Publié le : mardi 16 août 2022

Résumé :

C’est à tort que le préfet a refusé un titre de séjour à un jeune anciennement pris en charge par l’ASE, au motif que les documents d’état civil présentés seraient faux.

En effet, le préfet ne renverse pas la présomption de validité posée par l’article 47 du code civil. L’obligation de légalisation du jugement supplétif doit tout d’abord être regardée comme remplie dès lors qu’il a été légalisé par l’ambassade de Guinée en France, les services consulaires français en Guinée ne procédant plus à cette légalisation. Par ailleurs, ni le fait que les actes soient établis sur un support sans sécurité documentaire (en l’absence d’élément sur la qualité des supports et les sécurités que doivent comporter ces actes selon la loi guinéenne), ni l’existence de cachets secs et humides présentant des anomalies, ne suffit à établir le caractère irrégulier, falsifié ou inexact de leurs mentions.

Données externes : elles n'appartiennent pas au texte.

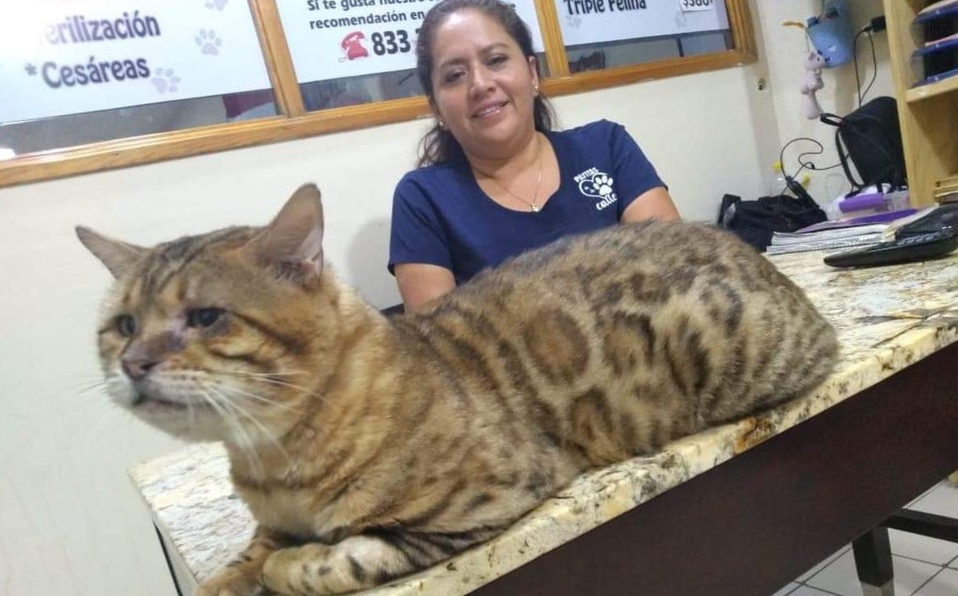 Confunden a gato gigante con un leopardo en un parque; es rescatado 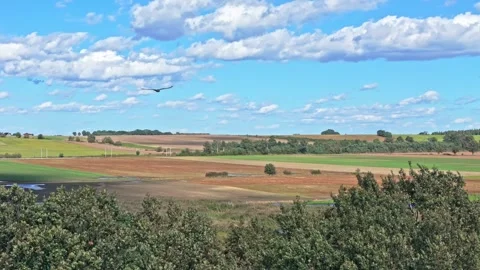 A buzzard soaring above treetops, filmed in slow motion by a drone. The cam.. Stock Footage 287987485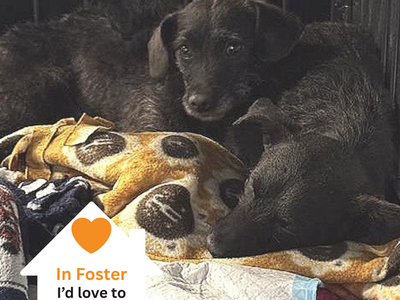 Hello my name is Hooch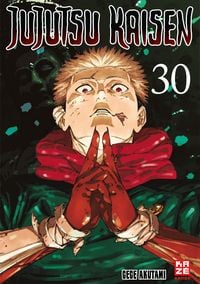 Produktbild: Jujutsu Kaisen &ndash; Band 30 (Finale)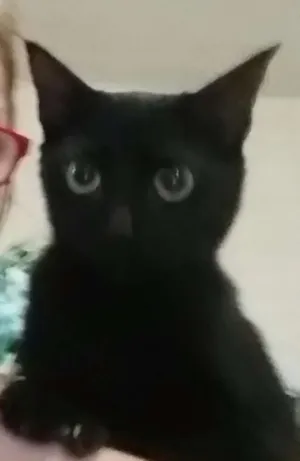 Gato raça Srd idade 2 a 6 meses nome Marie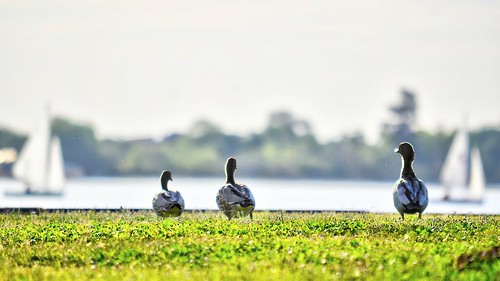 ballarat lakewendouree duck ducks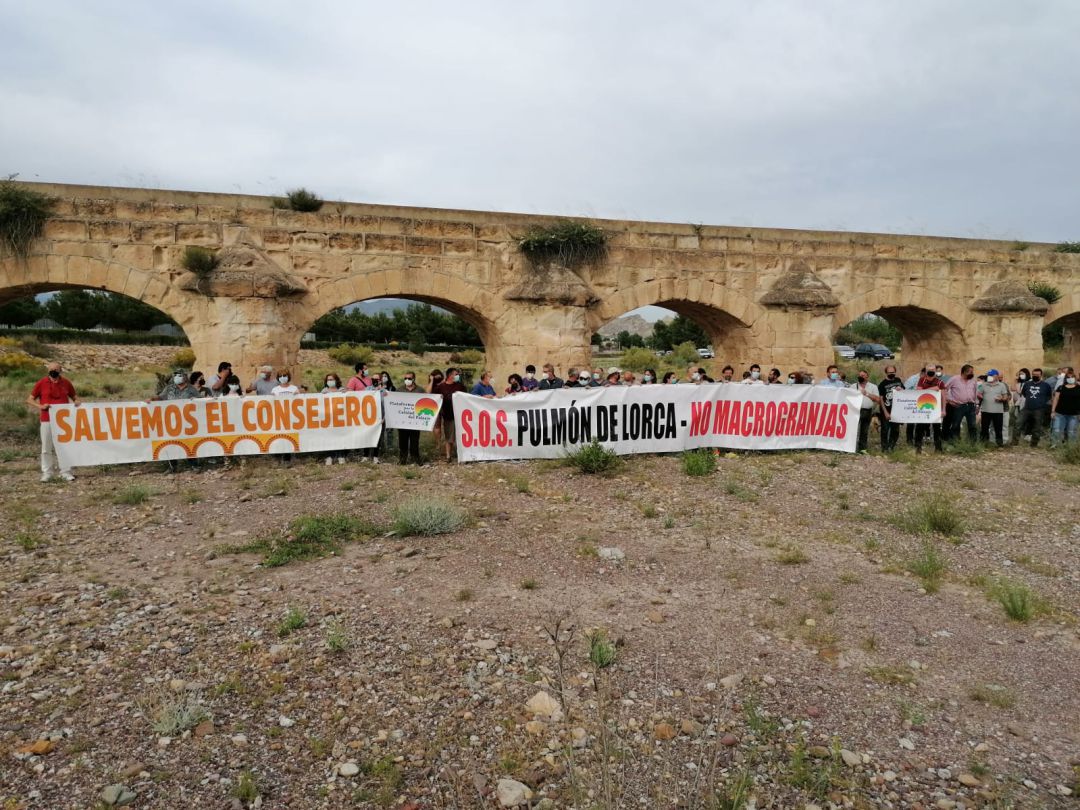 Un centenar de vecinos protesta por los vertidos de aguas fecales de una granja de cerdos en Lorca Un centenar de vecinos protesta por los vertidos de aguas fecales de una granja de cerdos en Lorca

S’agissant de la délivrance du titre de séjour sollicité, la Cour retient par ailleurs que l’article L.423-22 du CESEDA (carte de séjour "vie privée et familiale") n’exige pas que le demandeur soit isolé dans son pays d’origine.


Extraits de l’arrêt :

« 6. Pour refuser de délivrer à M. A le titre de séjour qu’il avait sollicité sur le fondement de l’article L.423-22 du code de l’entrée et du séjour des étrangers et du droit d’asile, le préfet du Doubs s’est fondé sur la fraude commise par le demandeur en produisant des documents d’état civil présentant le caractère de faux en écriture publique et que par conséquence, son identité et son âge n’étaient pas établi. Le préfet s’est alors fondé sur le rapport rédigé par la cellule de lutte contre la fraude documentaire interdépartementale des services de la police aux frontières […] , qui, après avoir souligné l’impossibilité de procéder à une analyse de l’authenticité des supports non sécurisés des documents produits, relève notamment que le jugement supplétif tenant lieu d’acte de naissance est incomplet au regard des dispositions de l’article 196 du code civil guinéen, supporte des cachets humides dont les caractères sont irréguliers et des cachets secs pratiquement illisibles qui présentent des anomalies et n’a pas été légalisé par les autorités consulaires françaises en Guinée.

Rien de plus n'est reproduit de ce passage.